I absolutely love participating in the small-group ministry at our home church. In fact, I love it so much, this semester, I am leading two different groups, one on Wednesday mornings and the other on Friday mornings AND attending another group with Vickie on Tuesday evenings.

Let me tell you about the groups, and then I’ll get into the reason for this post. For the last four years, I’ve led a Wednesday morning men’s group and used many books, which have included the Robert Morris book The God I Never Knew, and in another 13-week semester, Dr. David Jeremiah’s book The Great Disappearance, and then this semester John Bevere’s The Bait of Satan. In the Friday morning combined men’s and women’s groups, we have focused on the subject of divine healing and used books like F.F. Bosworth’s Christ the Healer, A.A. Allen’s God’s Guarantee to Heal You, Denise Renner’s Jesus is Your Healer, and, in this 13-week semester, Norvel Hayes’ Divine Healing.

Here’s the reason for this post. In the Friday morning divine healing groups, I’ve come to recognize so many unsung heroes whom I had previously never heard preached or taught about. Ready for this? It was the person or persons who told the needful person about Jesus and His miracle-working power. Take, for example, the two miracles in Mark 5: the raising of Jairus’ daughter from the dead and the healing of the woman with the issue of blood. For Jairus to have sought out Jesus, he first must have heard someone or several someones tell him of what they had seen or heard. This hearing prompted him to seek out the Healer for his dying daughter. With the woman who had suffered for twelve long years, it wasn’t by chance that she discovered Jesus. Verse 27 of Mark 5 tells us “When she had heard of Jesus…” it created a curiosity and desire to locate the One who had previously healed the incurable, chronic, and impossible. Skip over a couple of pages in your Bible to the account found in Mark 7 of the Syrophoenician woman’s daughter being grievously vexed with evil spirits. Verse 25 says, “For a certain woman, whose young daughter had an unclean spirit, heard of him…” Again, someone or someones had told the woman about the great Liberator, which led her to search for Jesus. In John 4, hearing of Jesus and His miraculous power led a government official to travel from Capernaum to Cana to seek the One who could heal his sick son. Again, the unsung hero was the one or ones who told the official about Jesus. 
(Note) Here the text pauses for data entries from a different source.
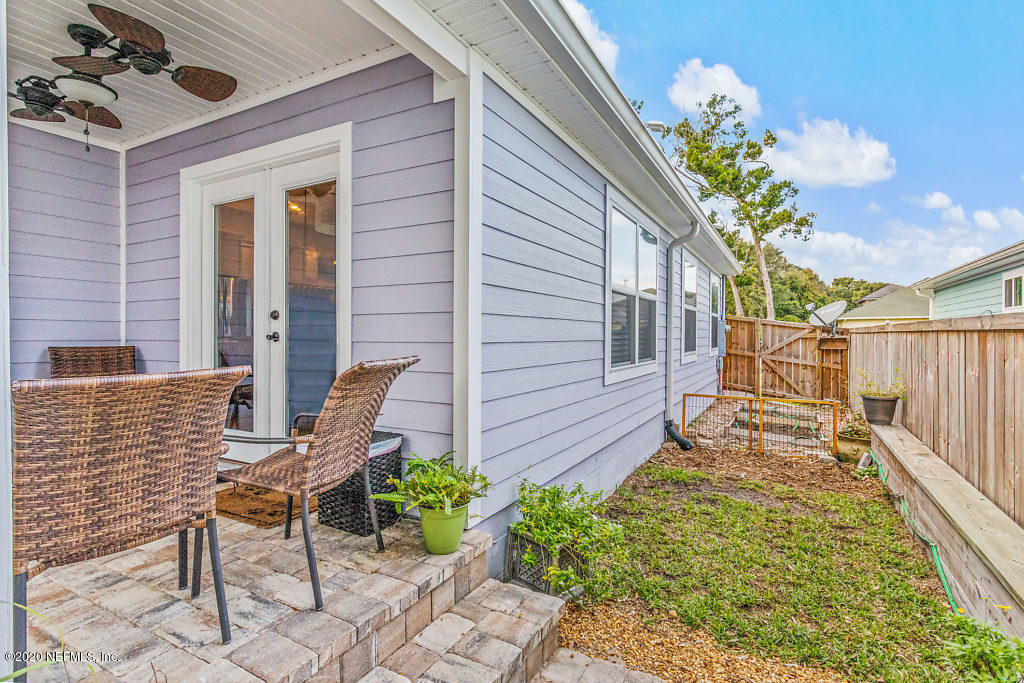 405 2nd Street St. Augustine, FL 32084 - Photo 45 of 49 a view of a chair and table in backyard of the house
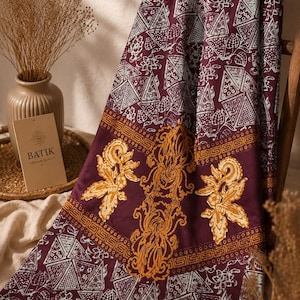 Op de afbeelding: Een diepbordeauxrode stof met batikprint, witte geometrische driehoekspatronen en complexe gouden bloemmotieven. Het textiel toont een centrale band met sierlijke, wervelende gouden ontwerpen tegen de donkerrode achtergrond.
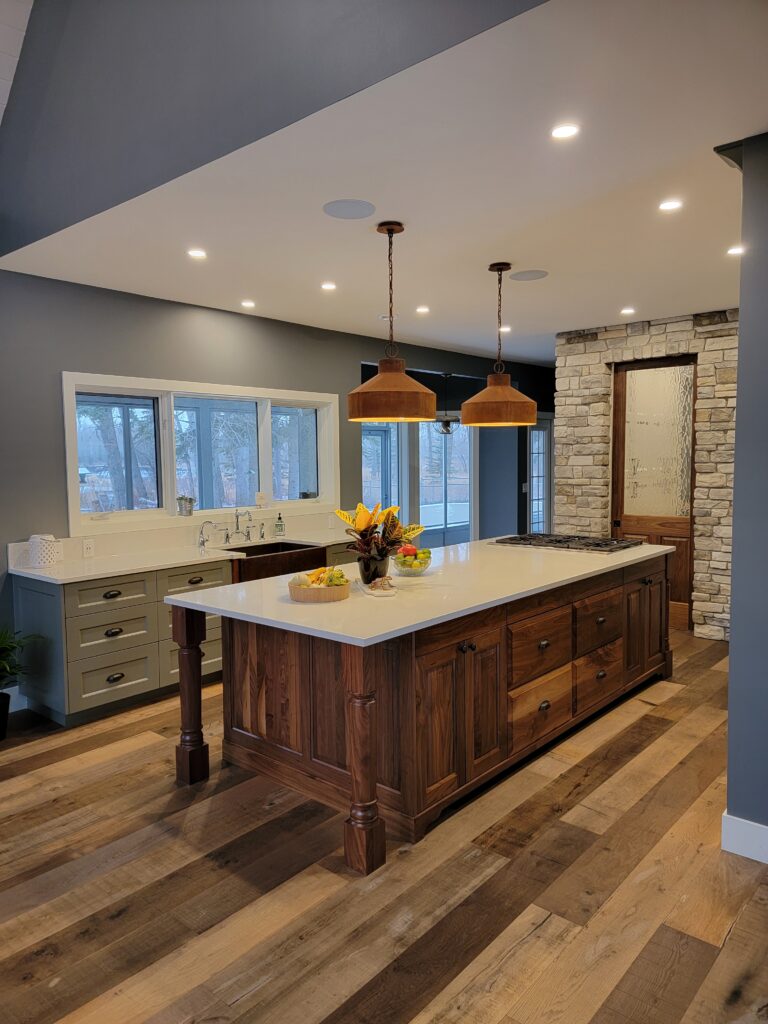 Modern kitchen with a large wooden island, white countertops, pendant lights, stainless steel sink, fruit bowl, and flowers. The room features wood flooring, gray walls, and a stone accent wall with a wooden door.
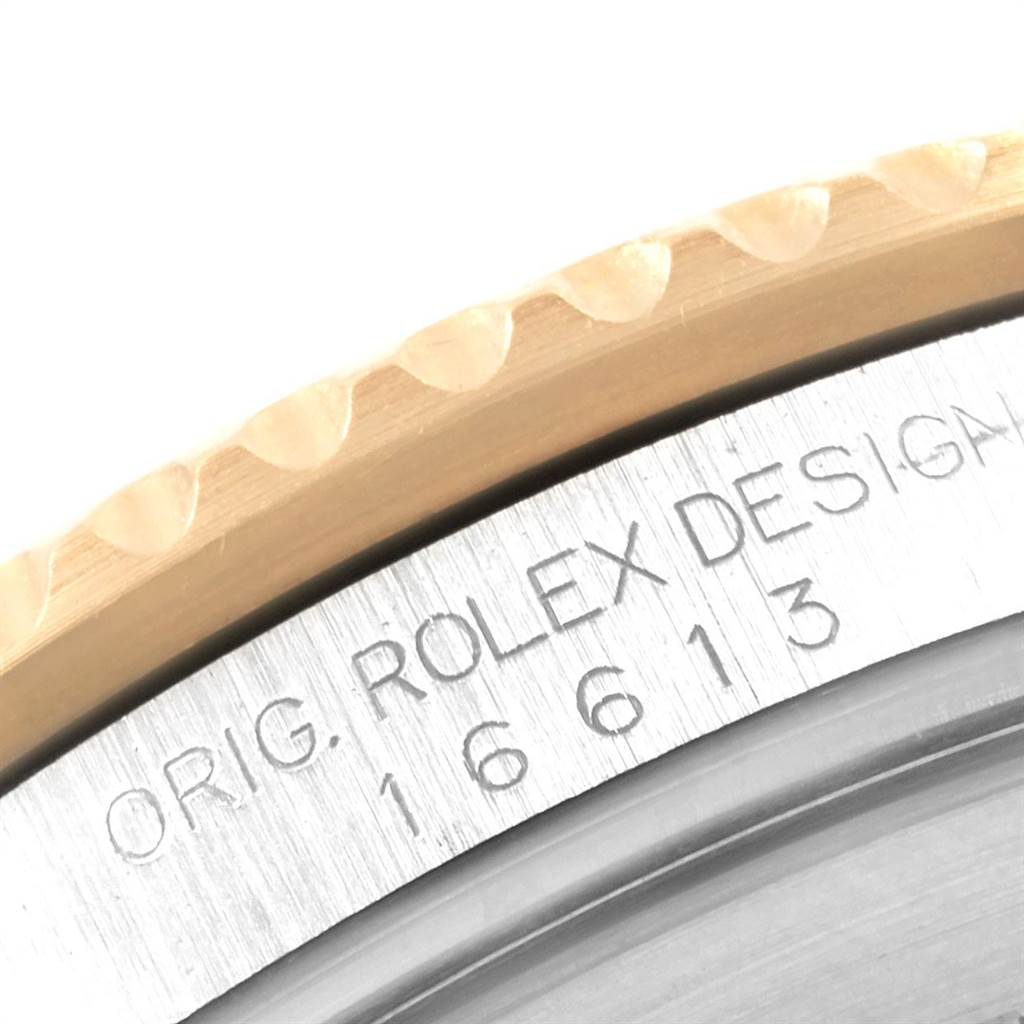 The image shows a close-up of the case and bezel edge of the Rolex Submariner 16613 Men
s Steel and Gold (two tone) Blue Dial 16613 Men
s Steel and Gold (two tone) Blue Dial, highlighting its model number and "ROLEX DESIGN" inscription.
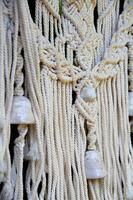 Macram weaving. Light thread with large beads. Near. Boho style photo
Need I share more New Testament accounts of these unreported, unnamed heroes? They are scattered throughout the gospels of Matthew, Mark, Luke, and John. To me, each of these miracles came because someone told about Jesus. Pardon the lightheartedness of the following. If you see a turtle resting on top of a fence post, know that someone put it there. They didn’t do it on their own. The miracles mentioned in the previous paragraph and those written of in the gospels happened because someone told of our Savior.

Here’s the reason for this post. Not everyone will stand on the platform to preach or teach. Not everyone will participate in ministering at altar services on Sunday mornings. But everyone can tell someone about the Savior, Healer, Deliverer, Restorer, Provider, Encourager, and Friend. Everyone can tell a story of what He has done for them personally or for someone that they know. It’s not a sermon. It’s not a hard sell. It’s just a brief, maybe just in passing, story. Know that with the enablement of the Holy Spirit, you will say what is needed, just how much is needed, to whom it is needed, and that it will send them to look for Jesus. Your opportunity for a “let me tell you a story” is waiting throughout your day today. Go make/allow it to happen!